Here's something I wrote a couple weeks after we had the biopsy results (with a little editing):
Anyways, our whole conversation led to this craziness in my head:
He's feeling discouraged and ready to give up.
I'm feeling discouraged but not ready to give up.
But I am in full retreat mode.
I feel like I fought a huge battle, took many casualties, got cut off from my supply line, and now I'm a little lost.
So, I'm in full retreat, trying to find my supply line, reinforcements, a safe place to rest, whatever will help me fight the next battle.
Because there will be a next battle. That's what is most draining (for me and at this moment) about infertility. There's no "fast" or "easy" way to go about having a baby now. It's a battle every step of the way.
I know that even when a child is conceived in the way God planned (which leads me to another thought... I wonder if Eve had any idea how far reaching her curse would be. When God said childbearing would be painful from them on, did she know conceiving would be included?

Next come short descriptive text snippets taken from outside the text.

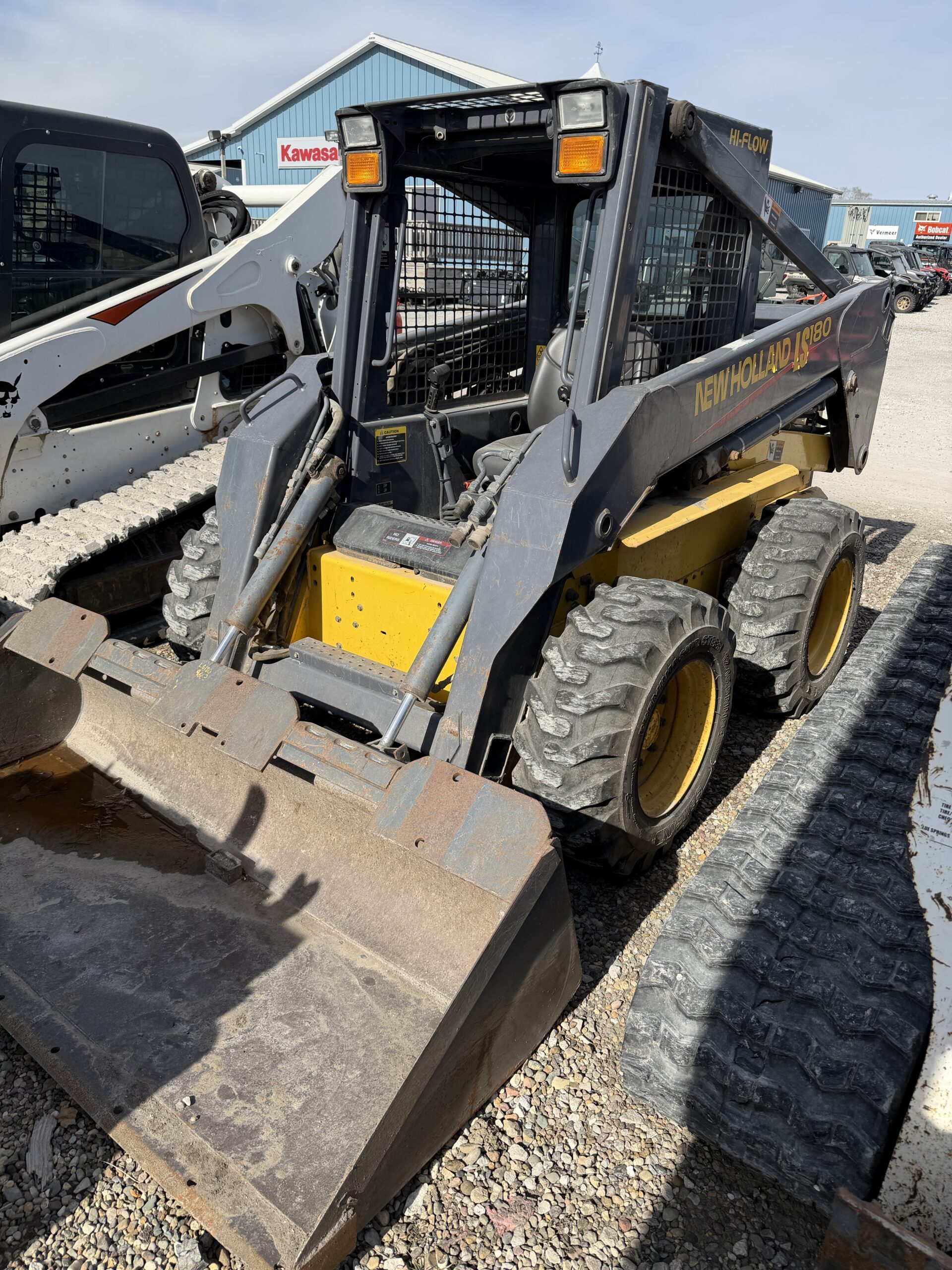 2001 New Holland LS180 Skid Steer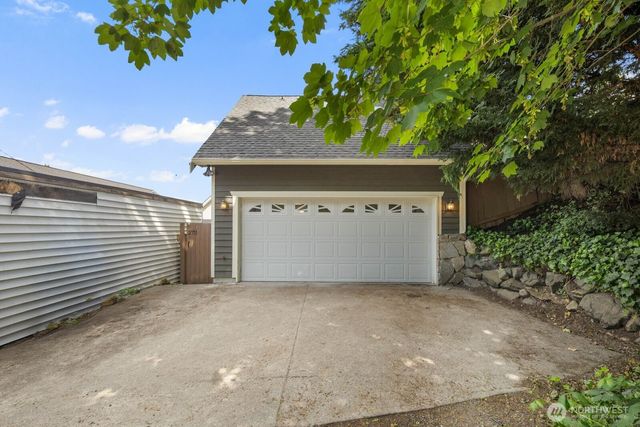 2711 4th Avenue W, Seattle, WA 98119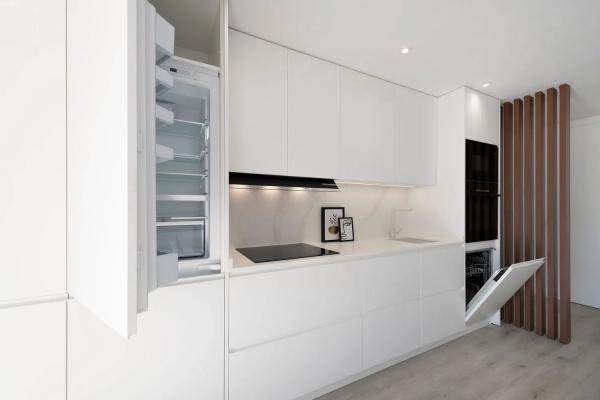 Apartment for sale in  Calle Muelle Ribera, 418, Marbella photo 4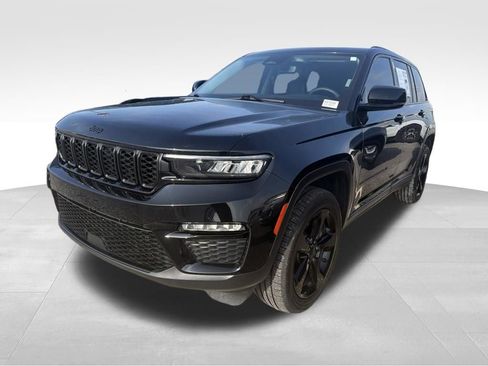 Used 2023 Jeep Grand Cherokee Limited w/ Black Appearance Package AWD/4WD image 2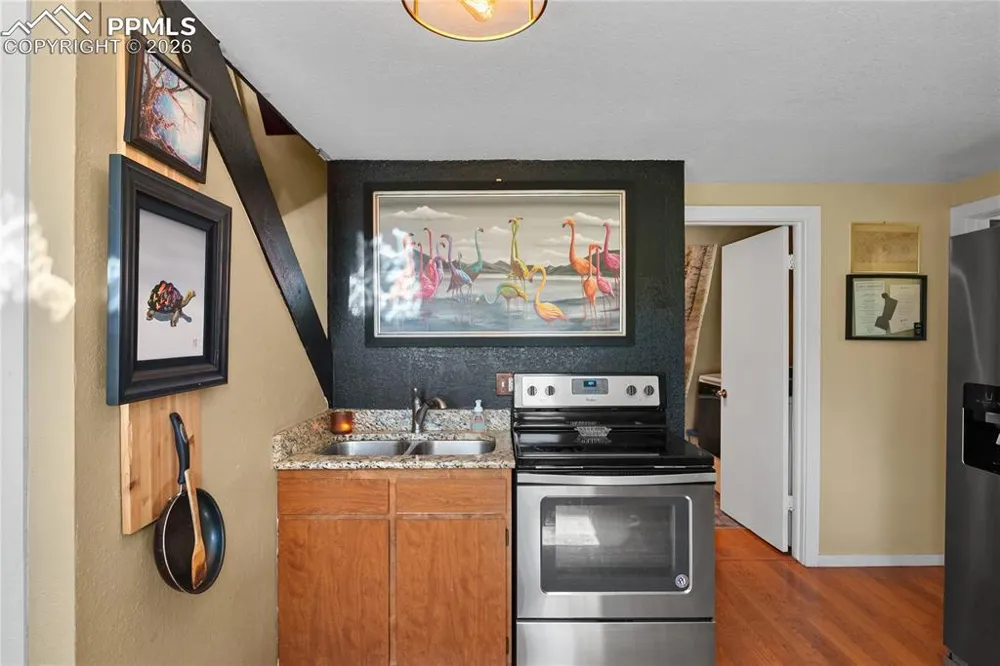 6840 Eagle Mountain Road Manitou Springs, CO 80829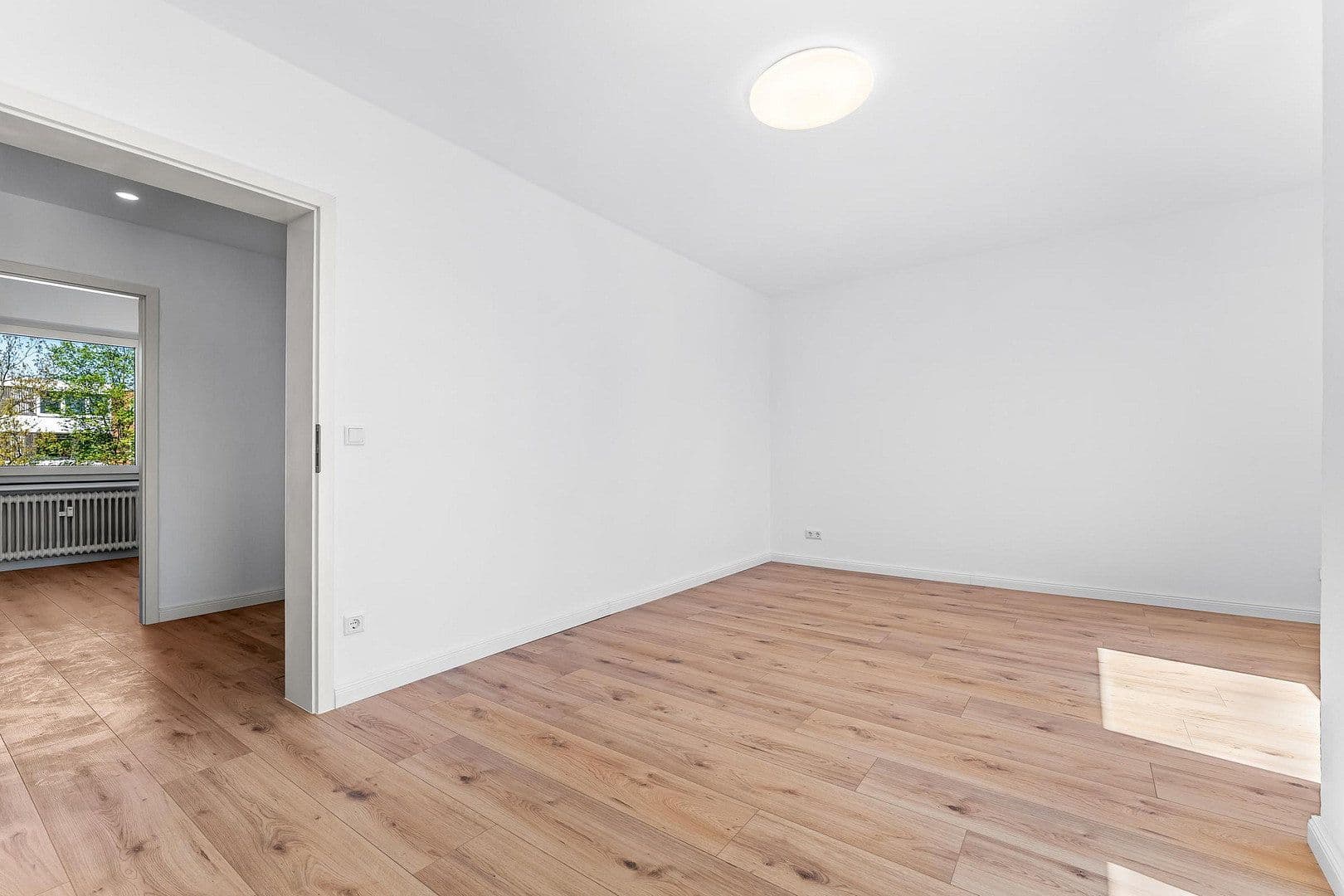 Prodej bytu 2+1 60 m², Kölner Straße 13, Bremen, Bremen Prodej bytu 2+1 60 m², Kölner Straße 13, Bremen, Bremen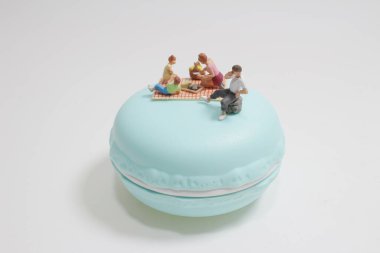 Mini figür kampının ve makaronun üzerinde pikniğin eğlencesi.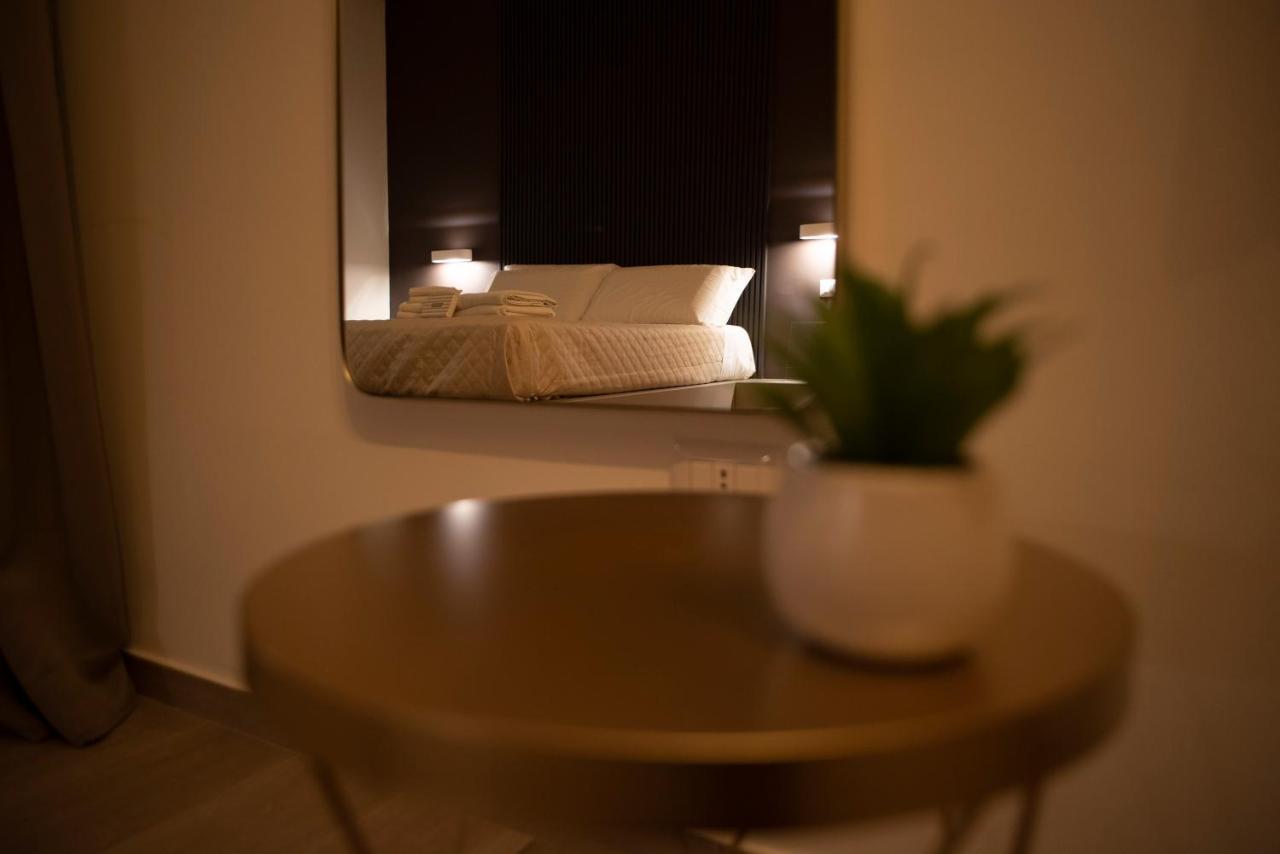 House Room Civico 56 Crotone Bagian luar foto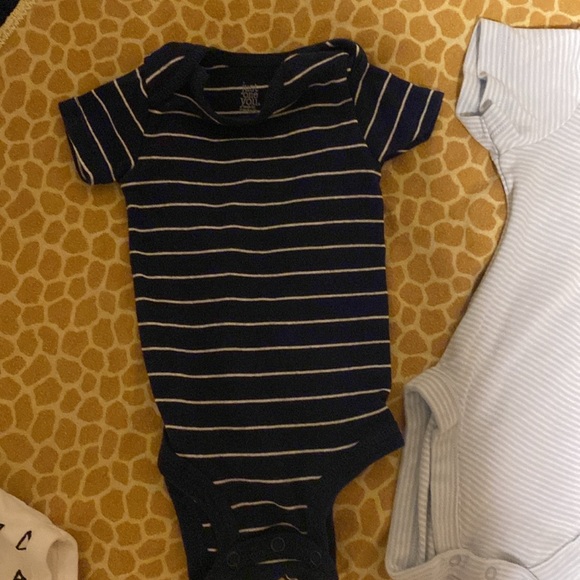Baby boy clothes, 6-9 mo pants, onesie & pajamas - Picture 8 of 16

She did have to deal with one child killing another though...), everything is far from guaranteed to go well. But it still makes me mad that
1 we paid for birth control for three years, one year of which I dealt with terrible side effects
2 for other people it is incredibly easy
3 for us it's not
4 we didn't know this 5 years ago. I still would've married R, but I think we would have done a few things differently.
I'm tired. And I'm tired of fighting. And I want to give up. But I won't. I will retreat, I will rest, then I will resupply, I will reconvene my troops, and I will re-enter the battle. But I will never lay down arms. (You'll have to pry them from my cold, dead hands!)
So, I did retreat. I took a good four months pretending infertility didn't exist. Hiding out even when I was with people who loved me. And then we came up with a plan. A plan that made/makes perfect sense. It takes into account what I want and what R is OK with and we made a budget and a plan.